The immediate cause is the unraveling of the real estate and mortgage speculation frenzy of the last few years. It is now likely to reduce homeowners’ equity by 30 percent to 50 percent, for a total of $6 trillion to $10 trillion. Home values have already dropped 10 percent.
Complete “unwinding” can spread the ruin to all, not just the speculators. Consequently the Bush administration is now jumping in to bail out these securities firms. In doing so, it is telling us to ignore its ritual worship of the “genius of markets,” its “no problem” commentaries, and its warnings against creating “moral hazards” by saving homeowners. But this also means we should scrap the Bush stimulus package, which contains no banking reform, no taxation of the speculators and little relief for those facing the risk of a genuine depression. Some say that perhaps it’s time to consider nationalization of banks and financial institutions that are responsible for gross management or market failures, as the UK did with Northern Rock last week.
The problem is, because of the war in Iraq and the Bush tax cuts, there very likely may not be enough money to finance the scope of this bailout. This meltdown is not simply a dip in the business cycles of capitalism. Instead, the current business cycle appears to be feeding into a pronounced major economic event — a prolonged recession or even depression. It is being fueled by the growth of parasitic financial activity like borrowing and lending money, and making huge profits, from trading pieces of paper such as mortgage securities that are not backed by any real value.
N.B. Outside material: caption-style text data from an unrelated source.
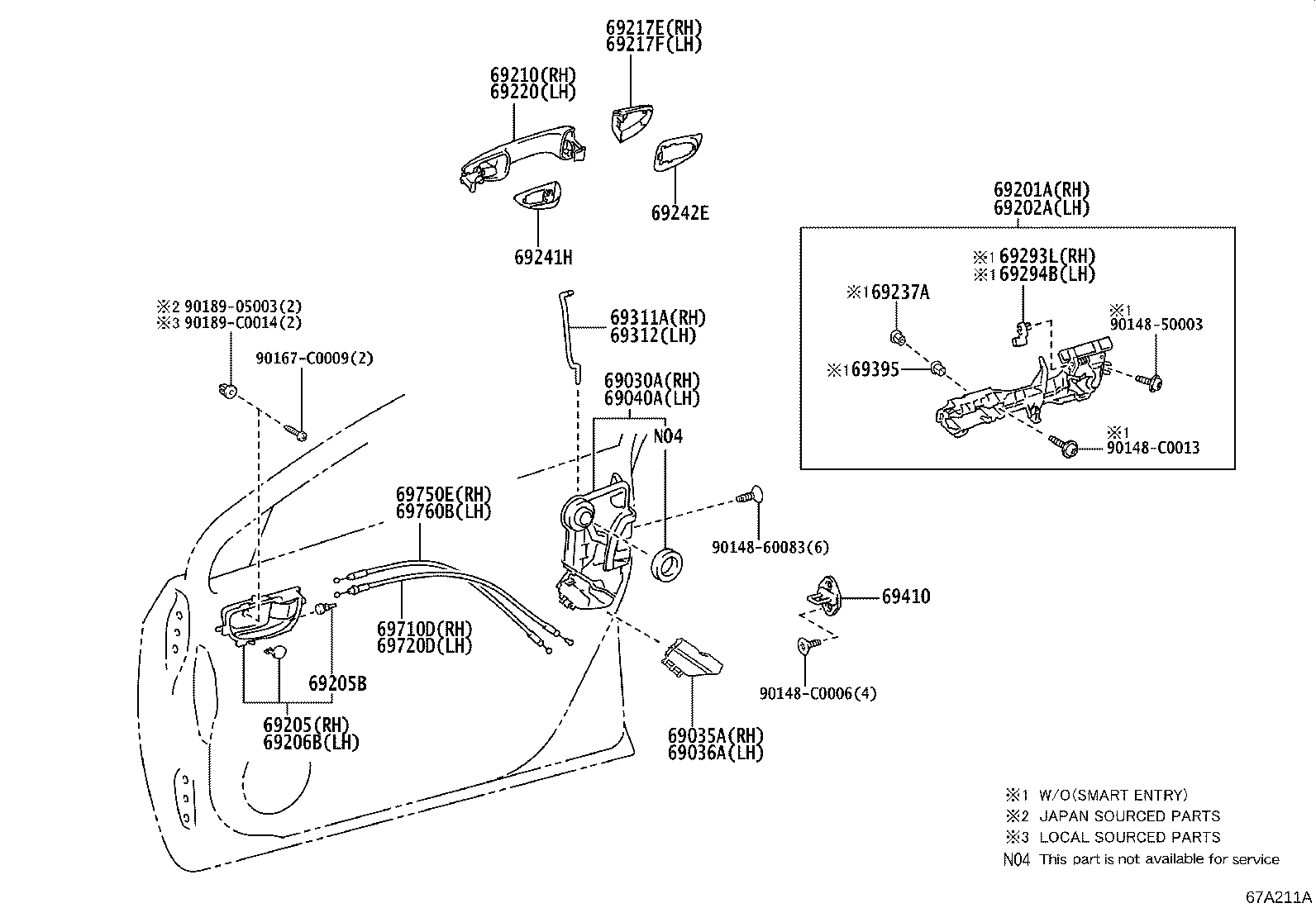 69210-02230-E2 HANDLE ASSY, FRONT DOOR, OUTSIDE RH product image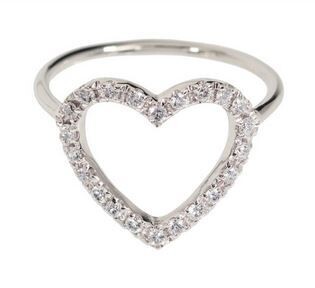 ANELLO CON DIAMANTI BIANCHI SU CUORE A FILO IN ORO BIANCO MARCO GERBELLA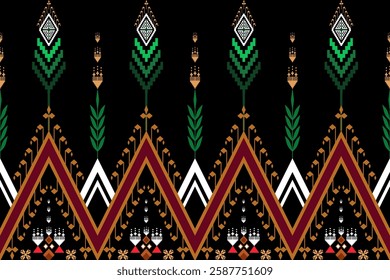 Geometric ethnic pattern seamless design for background , Tribal geometric seamless pattern , Ethnic design hipster backdrop ,wallpaper background , Design for curtain ,carpet ,fabric ,textile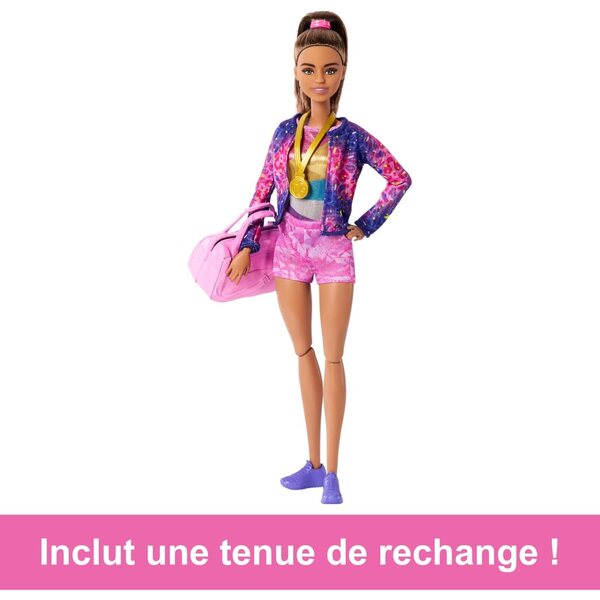Barbie Ginnastica con Poutre, Accessori e Molletta in C per Movimenti Acrobatici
Huge layoffs, bank runs, long-term stagnation and a decade or more of low growth are now imminent dangers. If one follows the thinking of “big picture” economists from Karl Marx to MIT’s Charles Kindleberger, a structural realignment of global dimensions could be at hand, coinciding with the most important presidential election since that of Franklin Delano Roosevelt in 1933.
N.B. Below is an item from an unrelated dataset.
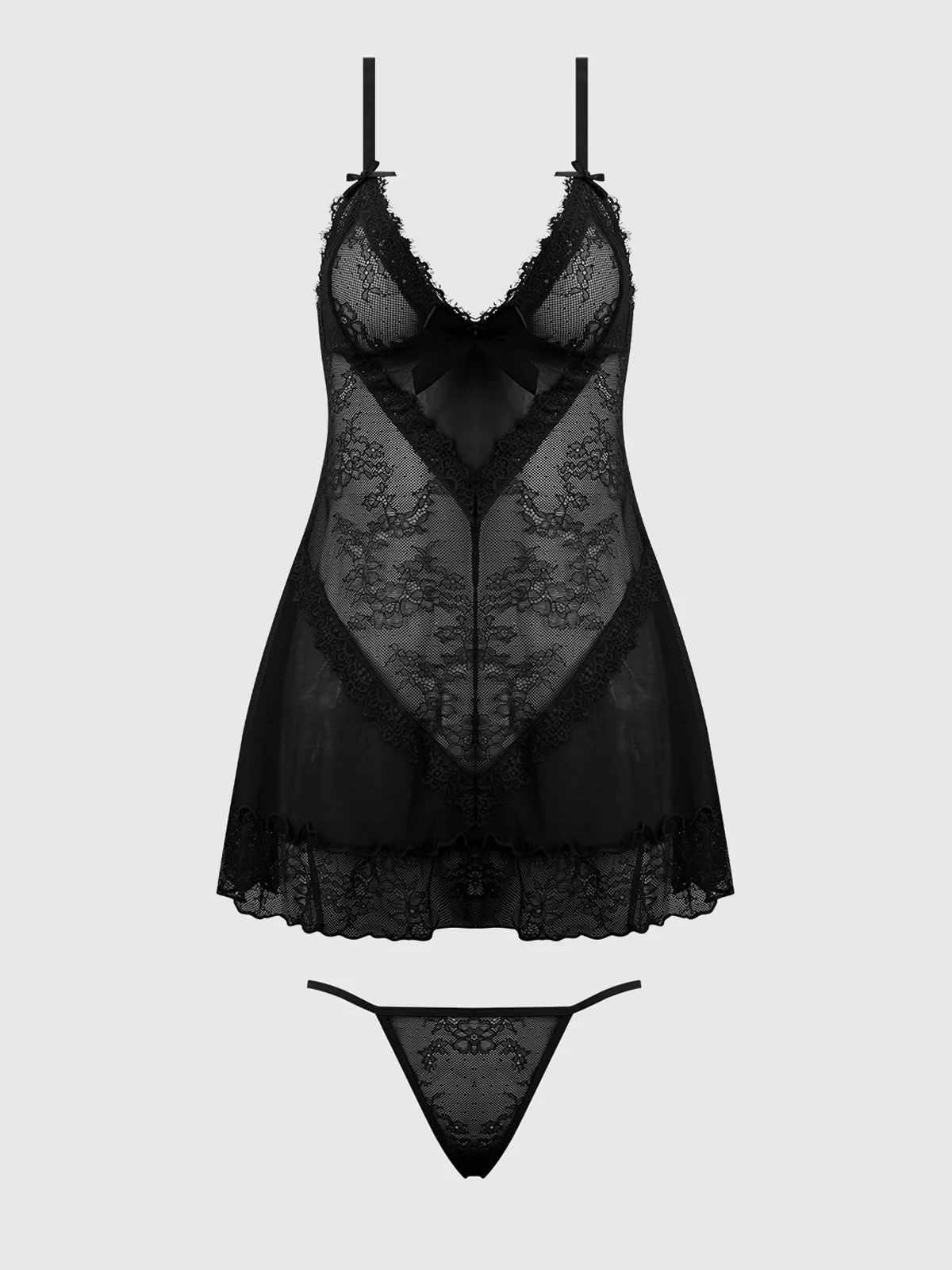 Chiara Lace & Mesh Babydoll Set - Image 9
One result will be the weakening of U.S. economic strength relative to the rest of the world. In particular, the European Union and the emerging “middle” economies of the developing world, such as China, Brazil and India, are moving forward. The 1930s witnessed a realignment of this scope that favored the U.S. The 1970s through the 1990s saw powerful technological transformations that built the material foundation of the global high-tech and supply infrastructure that sustains globalization. The “new world order” of 1990 may have looked to the first President Bush like an era of U.S. world domination, but in fact it was the beginning of the end of U.S. dominance. Although the wealth of the new era has spread unevenly, and is in dire need of reform and regulation, it has nonetheless spread far beyond U.S. influence and control.
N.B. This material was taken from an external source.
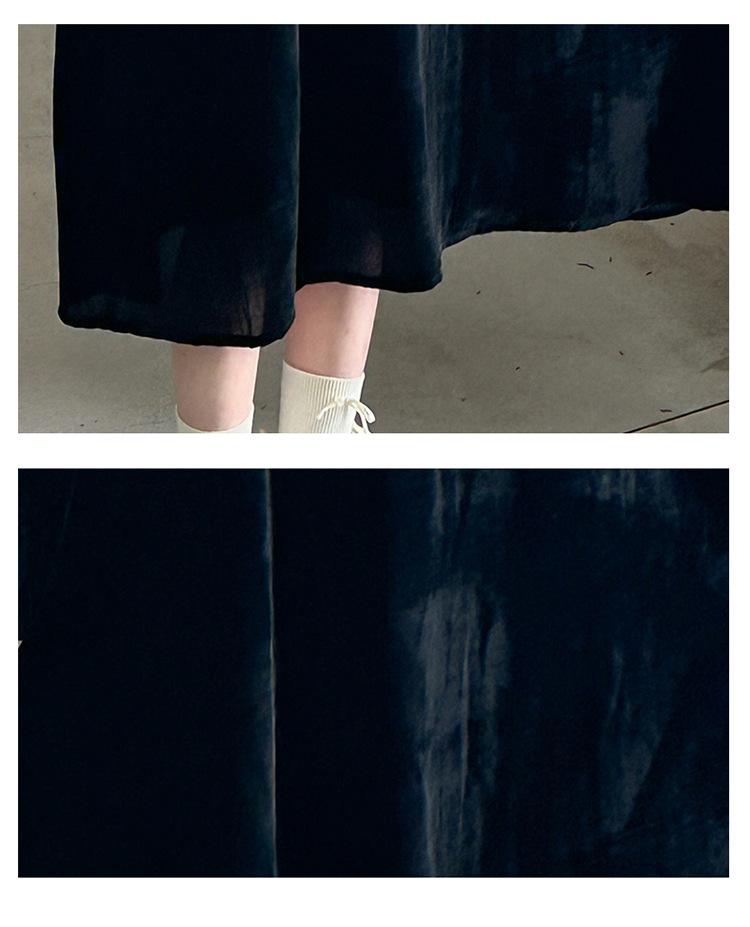 2025 Velvet Princess Dress for Girls: Spring & Autumn Style with Lace Trim Collar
So it should be no surprise that the Bush administration has decided to welcome investments by “sovereign wealth funds” of cash-rich China, Saudi Arabia, Abu Dhabi, Kuwait and South Korea. Some are editorializing their patriotic disapproval — but have no alternative to propose themselves.
Yes, foreign countries not under the control of the U.S. government are about to help finance the bailout. They will obtain in return ownership and control of significant pieces of world financial capital and capital markets, at the expense of U.S. capital.
However, many believe, this will, and must, be just the beginning if the economic crisis is to find solution. The time is at hand, many observers say, for reform of major international financial and trade institutions, such as the International Monetary Fund, World Bank and World Trade Organization, to redress the inequities generated by the “long wave” of technological revolution and subsequent economic expansion. Labor unions, both here and abroad, are increasingly arguing that workers of the world, of all occupations and trades, need seats at negotiations on these issues. They argue that workers are the ones who bear the burdens of the inequities. They also look to presidential and congressional candidates to support trade union participation. Hooking workers into the world debate will provide answers that no one else is likely to provide.